Vocabularies of the Cahuilla and Gabrielino California Mission Indians

With a Plate Illustrating the California Balí - a Stick Used by California Mission Rancheros to Record Cattle Brands

Rare separately issued offprint of this early report on the Native Americans of Los Angeles, by a Southern California pioneer who owned Rancho Santa Anita.

The letters were written by Hugo Reid (1811-1852), a Scot who arrived in Los Angeles by way of Sonora in 1832, who married a Gabrielino Indian woman.

These letters originally appeared serially in the Los Angeles Star, beginning in February 1852, but the present pamphlet stands as the first publication of Reid's letters in book form. They are here presented as edited by Walter James Hoffman, a physician and curator of the Anthropological Society of Washington, D.C.,  who had access to the actual letters, then still in the possession of the original recepient, Antonio F. Coronel. According to the Dawson 80, the newspaper letters showed subtle changes in wording and spelling, as well as "larger inclusions and omissions."

In his first letter Reid lists the Indian names for the main rancherias, along with their modern names.

Reid described the language, customs, beliefs, and traditions of the Gabieleño Indians, a tribe occupying the San Gabriel Valley and coastal areas of Los Angeles County, part of Orange County, and Santa Catalina and San Clemente Islands. His picture of the local Indians was a sympathetic one. - Dawson 80.

Hoffman's footnotes add much information on Native California cultures, including the shamans, games played ("Chunkee"), tattooing practices, and the like.
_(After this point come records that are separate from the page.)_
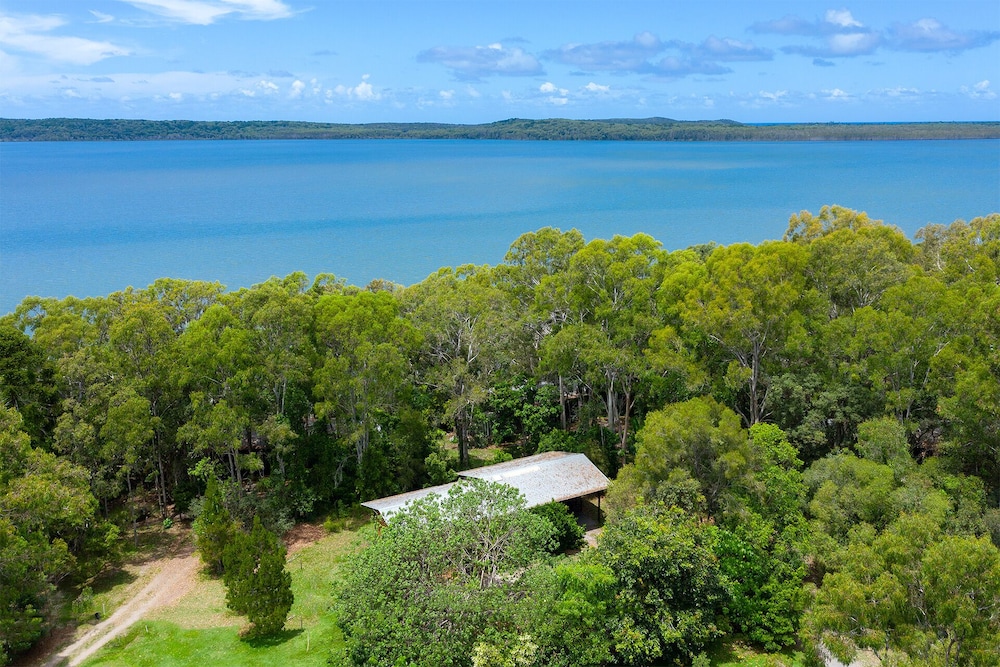 EUMARELLA SHORES NOOSA LAKE RETREAT 61/65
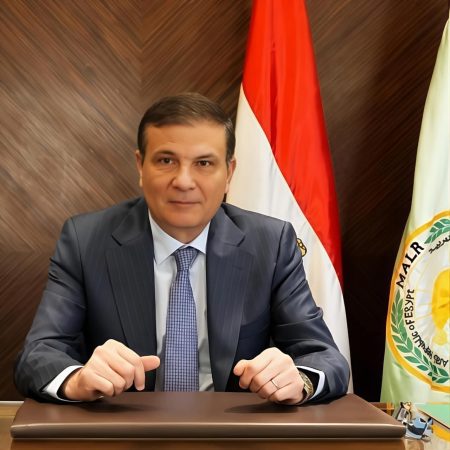 وزير الزراعة يكلف أجهزة الوزارة بالمرور الدائم والمفاجئ على المديريات والإدارات والجمعيات الزراعية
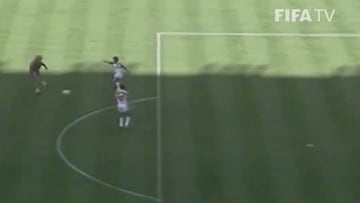 El Pibe marca a Emiratos Arabes en el Italia 90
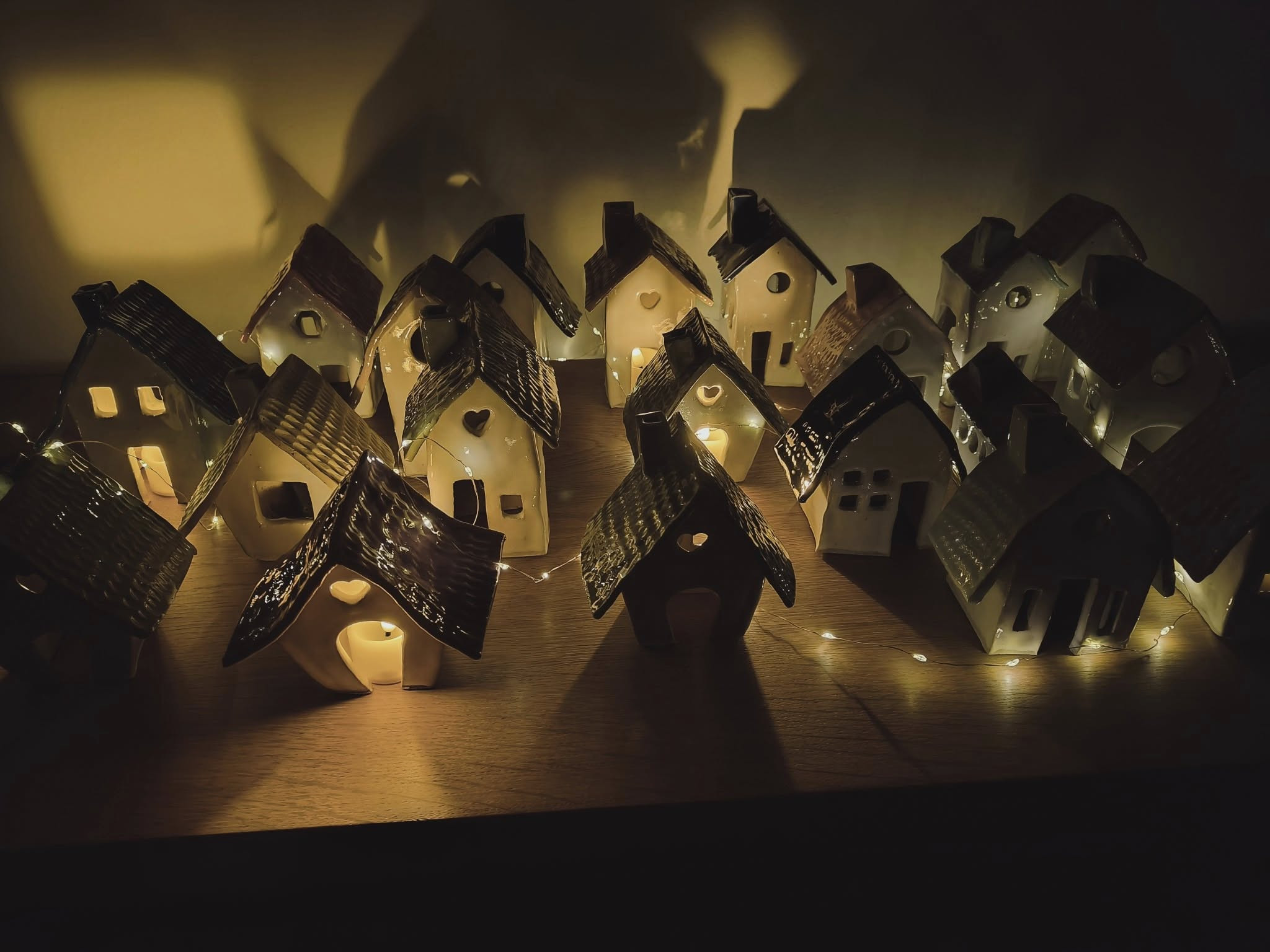 Kersthuisjes in keramiek - Foto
The plate illustrates specialized tools used by Californio and Native American cattle herders, including the balí - which recorded the brands by means of notches:

The herds of cattle owned by the Missions were grazed in favorable localities, each herd being under the control of a chief herder...[whose] duty was, also, to have every animal branded, a record of which was kept in the shape of a notched stick.

The same kind of stick was used by herders of horses:

For horses, the end is pointed, in imitation of the sharp ear of a horse.

In sum, an important source for California Native American culture.

Rarity

This separately issued offprint of the Bulletin of the Essex Institute is quite rare in the market.  Only 2 examples in RBH since 1959, one of which lacked the wrappers.

Condition Description
Octavo. Original yellow-green printed wrappers, over stab-stitched gatherings, as issued. Some minor edge chipping. Clean and nice. Very good. [2], 33 pages. 1 plate.
Reference
Howes R167. Dawson 80:56. Cowan, page 528.